キリヤのいかにも少年らしい傷つきやすくてそのくせ他人には冷淡で横柄な態度が魅力的です。一方、大人の渡会のほうがいつもおどおど戸惑い迷い逡巡していて、読む者として共感していけるのですね。
バルバラで何度もジェノサイトが起き、破滅し、青葉の夢によって別のやり方で再生され、繰り返される。
萩尾さんはこのマンガを小松左京「ゴルディアスの結び目」から着想を得たのだそうですが、この繰り返しのイメージは昨日感想を書いた手塚治虫の「火の鳥・未来編」を髣髴とさせるようです。「火の鳥・未来編」で猿田博士やマサトが繰り返し生物を作ったように「バルバラ異界」では青葉が未来を繰り返し作っている。それが夢なのか現実なのか、夢であり現実でもあるのか。

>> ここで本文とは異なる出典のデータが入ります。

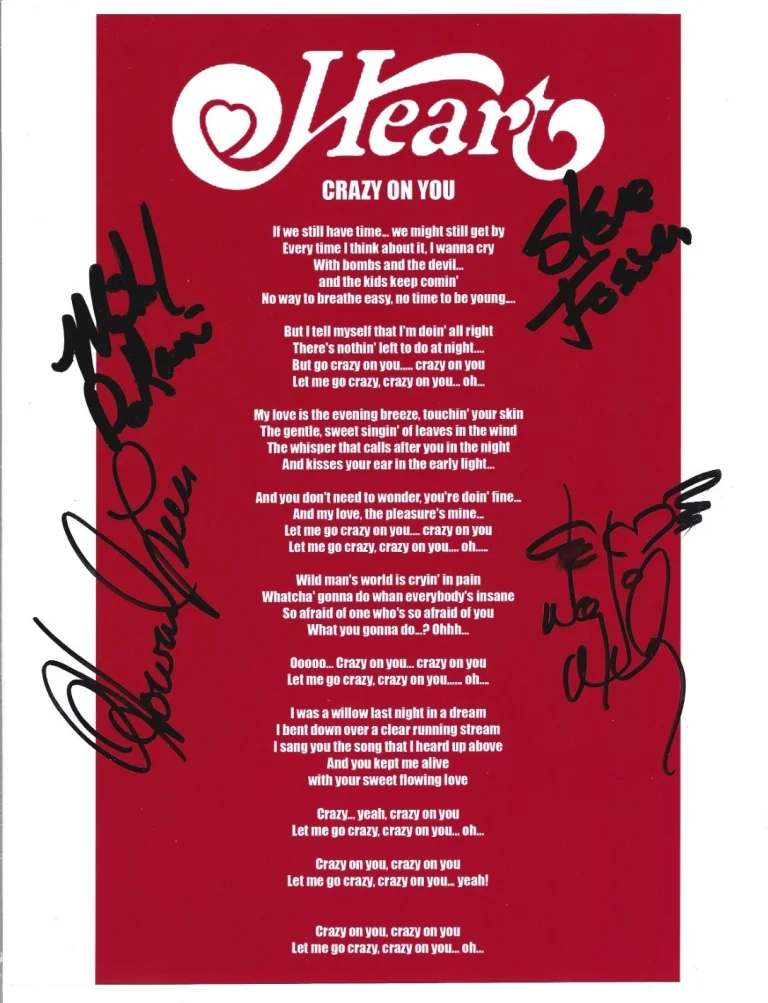 Heart band hand SIGNED Crazy On You Lyric Sheet COA Autographed Nancy Wilson +3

渡会時夫はその名前の通り、時を渡ってバルバラを解明しようとしますが彼が一番欲していたキリヤを失ってしまうという結末はあまりにも惨すぎます。それなのに湧き出てくる感情はなんでしょう。代わりに得た息子タカ。未来に存在するだろうキリヤへの希望。
何度か繰り返し「バルバラ異界」を読みましたが、とてもまだまだ理解したとは思えません。
渡会が何度も夢を行き来し、そのたびに夢が変化し自分の記憶がわからなくなるように、私も何度も「バルバラ異界」を彷徨い続けるでしょう。